Team: Math Majors Unite
Members: Georgia Channing, Harry Channing, Owen Queen, Shannon Hall
Machine learning has become an increasingly prevalent tool in business from product recommendations to user feedback interpretation. Most of the organizations that moved quickly to integrate machine learning techniques into their workflows had the resources to hire machine learning engineers and data scientists to turn their data into actionable insights. Hiring machine learning engineers and data scientists is expensive, and is out of reach for most small and medium businesses. That doesn’t mean that they shouldn’t be able to leverage machine learning to improve their businesses and make their lives easier. Enter Dolphyn: a one-stop shop for interpreting large scale customer feedback. Machine learning shouldn’t be monopolized by Fortune500 companies, but should be available to small and medium businesses, who now more than ever need all the support they can get [1].
While there exist lots of plug-and-play machine learning libraries, such as Keras, sci-kit learn, and TensorFlow, even the small amount of coding necessary to get models up and running is a barrier to entry. Our product will smooth the path to integrating machine learning into small business workflows by creating an easy-to-use interactive web platform. Our product will cut down on the overhead needed for the preprocessing steps of machine learning, and it will ideally give small businesses the tools they need to incorporate machine learning into their business development.
There are user-friendly tools on the market utlized by large and small businesses alike, but most of these services require paid subscriptions.

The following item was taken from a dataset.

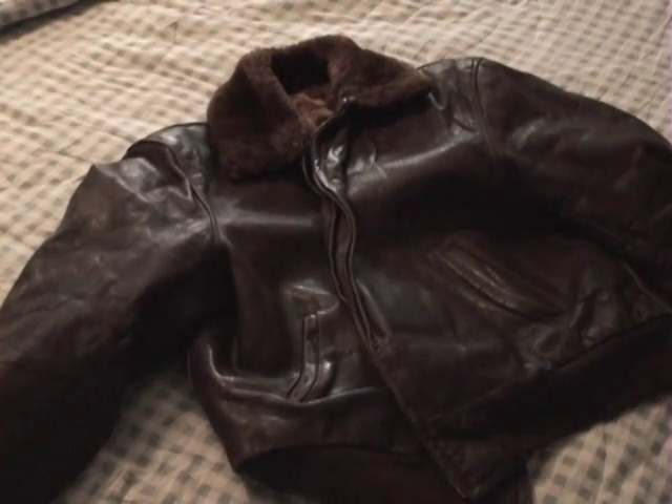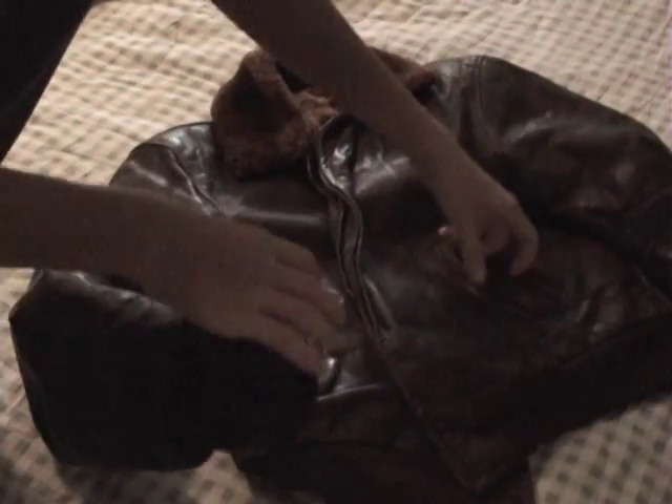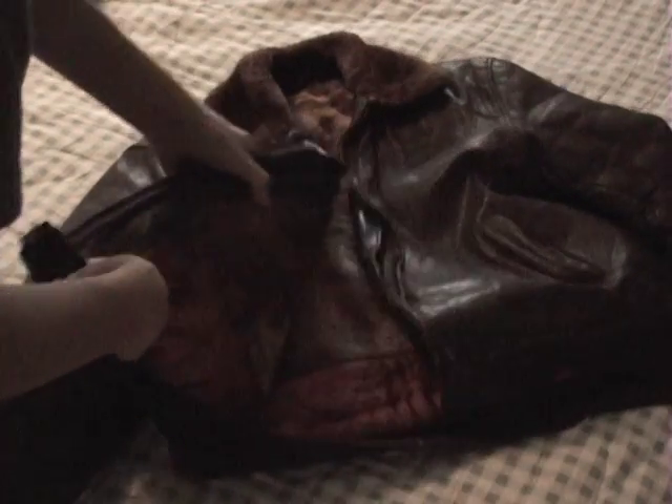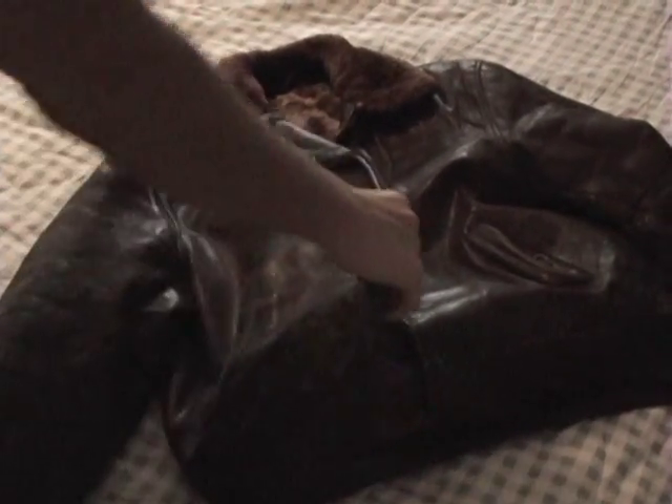It's actually an old, very old jacket from World War II. As you can see, it basically has sleeves, pockets. It even has a neck piece — fluffy.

Tableau is a popular analytics platform used by many companies outside of the tech industry [2], but this service requires a paid subscription. While our product will not be nearly as robust as Tableau's services, our basic mission is the same: provide businesses with an easy platform to gain insights from their data. The advantage of our service is that it will be free for use, increasing access to tools that will allow small businesses to make data-driven decisions.
Our team has varying degrees of experience with machine learning and the preprocessing steps that we will need to implement. We are all fairly new to web application development, so creating both a front and back end for a web application will be a big part of our project and a big learning experience overall. All team members have experience with the Python programming language, which is what we will primarily use for the project through the Django library. We expect that the mixture of math, computer science, and business backgrounds within our team will help us to successfully implement the features that we will need, all the while focusing on the needs of our potential clients.
The primary customer of this software would be small-medium businesses (SMBs). Small businesses usually have lots of data to work with but don’t have the budget to outsource the processing and cleaning of their data. Since these businesses don’t have the time or budget to understand how to do that, they need to have an accessible way to leverage their data. We aim to implement a program with an intuitive user interface that can help to efficiently and accurately take care of a large part of their data science workflows.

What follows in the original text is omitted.